Entries taken from a collection:
◇ ◇ ◇ ◇ ◇
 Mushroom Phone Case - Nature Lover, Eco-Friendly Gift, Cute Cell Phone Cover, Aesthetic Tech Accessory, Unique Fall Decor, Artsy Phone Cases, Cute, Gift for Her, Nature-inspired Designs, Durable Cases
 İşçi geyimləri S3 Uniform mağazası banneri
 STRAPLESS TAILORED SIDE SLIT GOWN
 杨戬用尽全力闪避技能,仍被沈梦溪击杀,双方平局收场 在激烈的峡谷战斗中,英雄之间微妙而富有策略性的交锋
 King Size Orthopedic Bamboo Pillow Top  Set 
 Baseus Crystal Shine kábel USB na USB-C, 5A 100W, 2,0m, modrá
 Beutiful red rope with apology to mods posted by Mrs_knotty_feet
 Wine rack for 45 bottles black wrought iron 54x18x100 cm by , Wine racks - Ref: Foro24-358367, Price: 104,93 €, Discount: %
◇ ◇ ◇ ◇ ◇
→ TRY IT: This exercise needs each record retyped exactly as shown.

→ OUTPUT OF THE EXERCISE:
 Mushroom Phone Case - Nature Lover, Eco-Friendly Gift, Cute Cell Phone Cover, Aesthetic Tech Accessory, Unique Fall Decor, Artsy Phone Cases, Cute, Gift for Her, Nature-inspired Designs, Durable Cases
 İşçi geyimləri S3 Uniform mağazası banneri
 STRAPLESS TAILORED SIDE SLIT GOWN
 杨戬用尽全力闪避技能,仍被沈梦溪击杀,双方平局收场 在激烈的峡谷战斗中,英雄之间微妙而富有策略性的交锋
 King Size Orthopedic Bamboo Pillow Top  Set 
 Baseus Crystal Shine kábel USB na USB-C, 5A 100W, 2,0m, modrá
 Beutiful red rope with apology to mods posted by Mrs_knotty_feet
 Wine rack for 45 bottles black wrought iron 54x18x100 cm by , Wine racks - Ref: Foro24-358367, Price: 104,93 €, Discount: %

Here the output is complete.